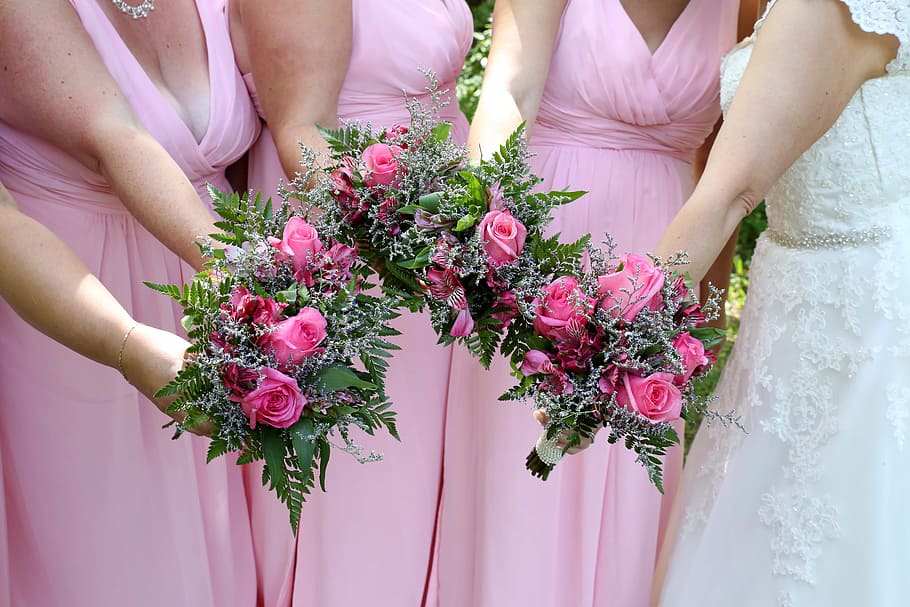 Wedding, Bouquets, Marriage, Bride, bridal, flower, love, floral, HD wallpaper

━━━━━━━━

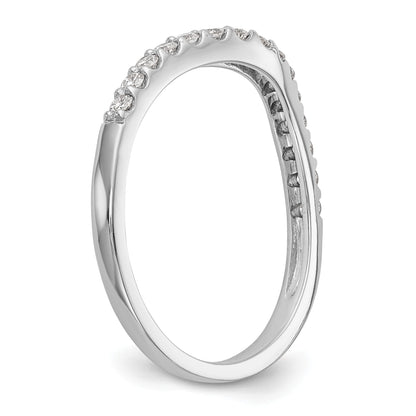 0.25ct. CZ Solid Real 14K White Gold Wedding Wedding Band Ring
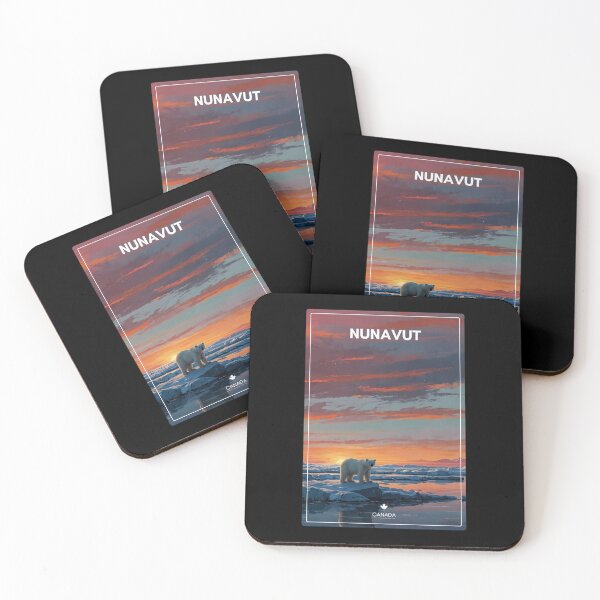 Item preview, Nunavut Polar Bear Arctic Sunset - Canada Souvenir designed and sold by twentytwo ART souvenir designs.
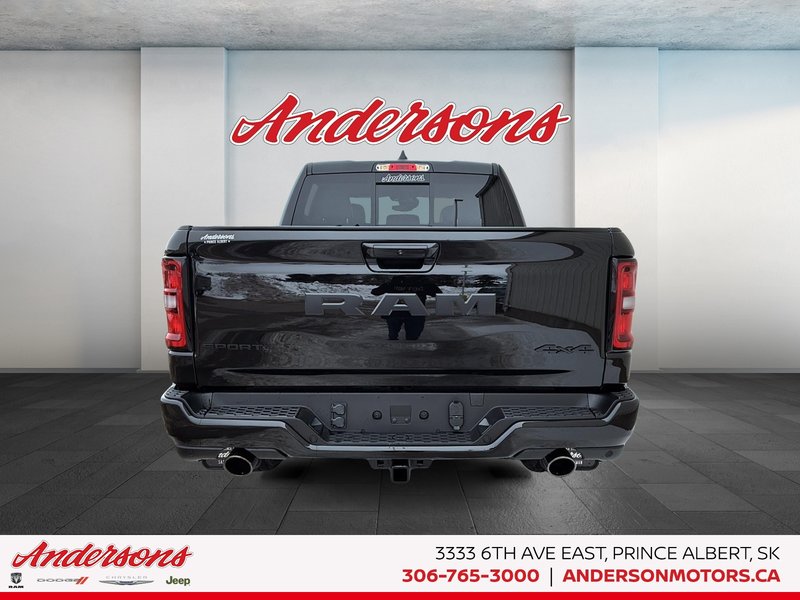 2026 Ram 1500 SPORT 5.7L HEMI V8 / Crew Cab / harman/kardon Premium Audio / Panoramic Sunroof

━━━━━━━━

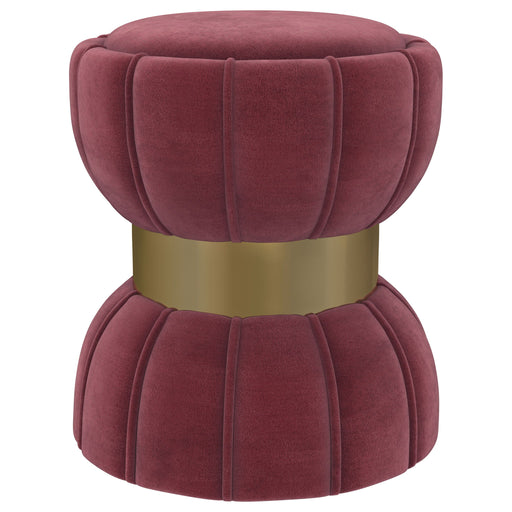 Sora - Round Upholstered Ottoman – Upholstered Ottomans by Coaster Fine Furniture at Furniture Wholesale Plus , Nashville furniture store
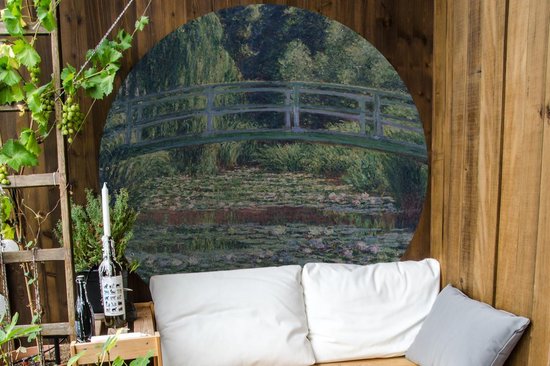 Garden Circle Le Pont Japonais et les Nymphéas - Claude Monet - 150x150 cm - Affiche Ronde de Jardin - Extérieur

━━━━━━━━

§ What to produce
In the entries above, find the line that contains "0.25ct. CZ Solid" and the line that contains "2026 Ram 1500". Reproduce exactly those two lines and every line between them, but not the pictures.

§ Task output
 0.25ct. CZ Solid Real 14K White Gold Wedding Wedding Band Ring
 Item preview, Nunavut Polar Bear Arctic Sunset - Canada Souvenir designed and sold by twentytwo ART souvenir designs.
 2026 Ram 1500 SPORT 5.7L HEMI V8 / Crew Cab / harman/kardon Premium Audio / Panoramic Sunroof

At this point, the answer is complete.